The presentations were an even bigger shift. Once David had validated the expense data in the spreadsheet, he fed AI that finalized Excel file along with the prior month's slide deck and asked it to generate an updated version. AI identified which trends had changed meaningfully and deserved emphasis, which metrics were tracking in line with expectations and could be summarized briefly, and where a new chart might tell the story more clearly. David reviewed every slide and adjusted framing when AI's emphasis didn't match his read of the situation. But the starting point was most of the way there. He was refining rather than creating from scratch.

The result wasn't that David worked fewer hours. It was that he worked on different things. The hours he reclaimed from data entry and slide building went into the work the CEO actually needed from a CFO such as analyzing whether a new production line would pay for itself, modeling the impact of a raw materials price increase, evaluating whether to bring a machining process in-house or continue outsourcing it. The kind of work where a wrong answer could cost the company hundreds of thousands of dollars, and where David's experience and judgment were irreplaceable.

The Property Manager Got Her Mornings Back

Rachel owned Bridgewater Property Group, which managed roughly 200 residential units across Milwaukee which included apartment complexes, duplexes, and single-family rentals. She was proud of her reputation for being responsive and fair, which kept both tenants and landlord clients loyal.

But the cost of that responsiveness was Rachel's time. Every morning she opened her inbox to find dozens of tenant emails. Some were urgent such as a burst pipe or a heating failure in January. Most were routine such as lease renewal questions or follow-ups on maintenance requests. Each one needed a response that was accurate, professional, and consistent with Bridgewater's policies and the specific terms of that tenant's lease. Answering them required deep familiarity with the company's operations, or time-consuming lookups across multiple files and systems. Either way, it consumed most of her morning.

So Rachel set up an AI system connected to her company's documents: every lease agreement, vendor contract, maintenance log, property policy manual, and tenant communication history. This setup used what's known as retrieval-augmented generation, or RAG, which is essentially a way to give AI access to a specific library of documents so its answers are grounded in actual company information rather than general knowledge. When a tenant emailed asking about their pet deposit, the AI didn't guess. It pulled the relevant lease, found the pet policy clause, and drafted a response citing the specific terms. And because the AI also had access to Rachel's years of prior email responses, it matched her tone and communication style.

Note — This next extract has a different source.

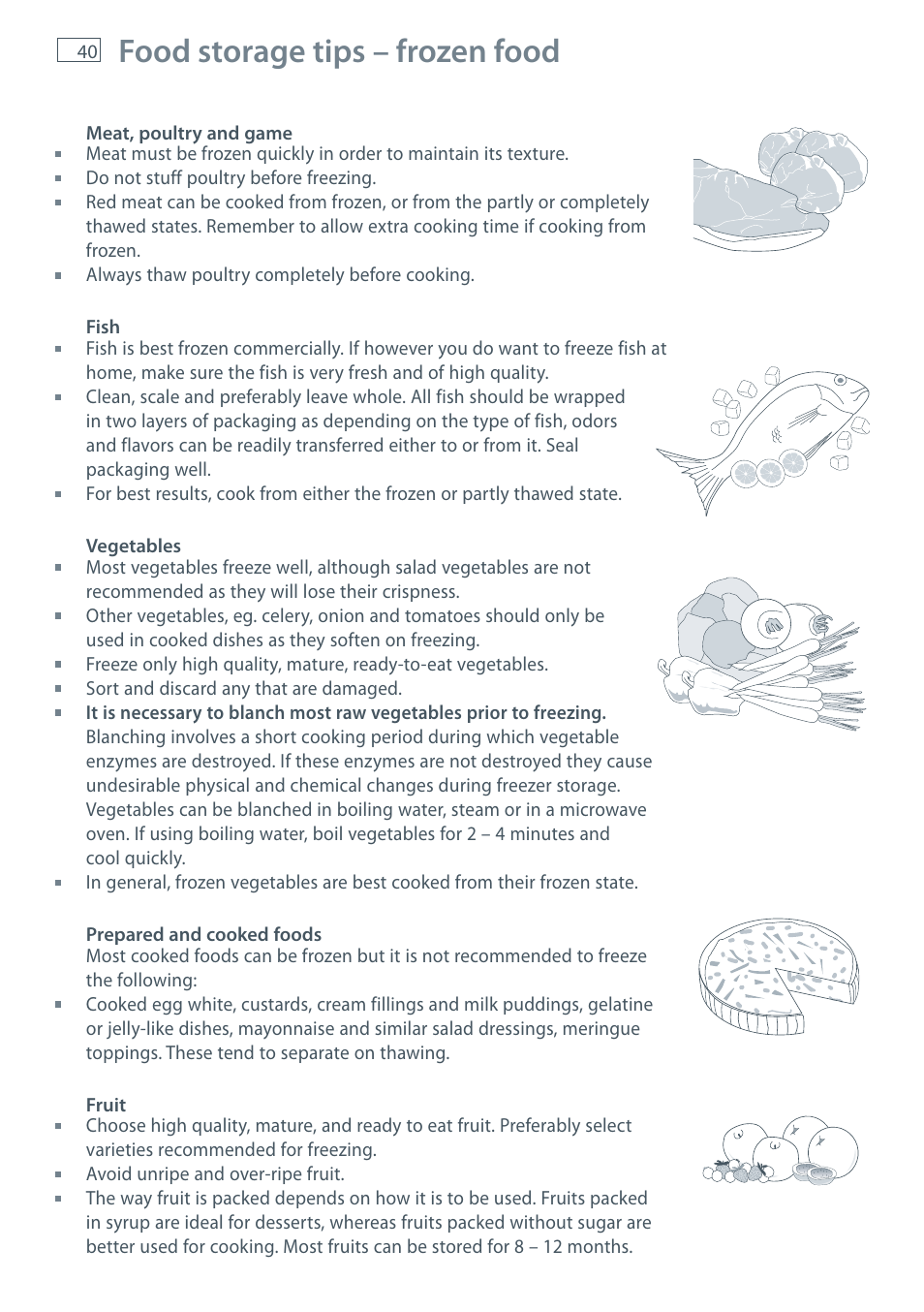 Food storage tips – frozen food | Fisher & Paykel CoolDrawer RB36S User Manual | Page 42 / 56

Every morning, instead of forty emails that each required ten minutes of research and careful drafting, Rachel now opened a queue of AI-drafted responses. Each one referenced the relevant lease terms or policy documents. She read each draft carefully. Sometimes she sent it as written. Sometimes she softened the tone or added a personal note. Occasionally she rewrote a response entirely when the situation was sensitive enough to warrant her full attention.

The key was that Rachel never let a response go out without reviewing it. The AI drafted; Rachel decided. Every tenant still received a response that Rachel had read and approved. The difference was that instead of spending three hours each morning composing those responses from scratch, she spent forty-five minutes reviewing and refining them. The rest of her morning was now available for the work that actually grew her business such as meeting with prospective landlord clients, negotiating vendor contracts, and visiting properties.

Disclaimer: This guide is for educational and informational purposes only. It does not constitute professional business, legal, financial, or technical advice. The examples, stories, and prompts are intended to inspire and educate, not to prescribe specific actions. Always use your own judgment and consult qualified professionals for decisions that could have significant consequences for your business.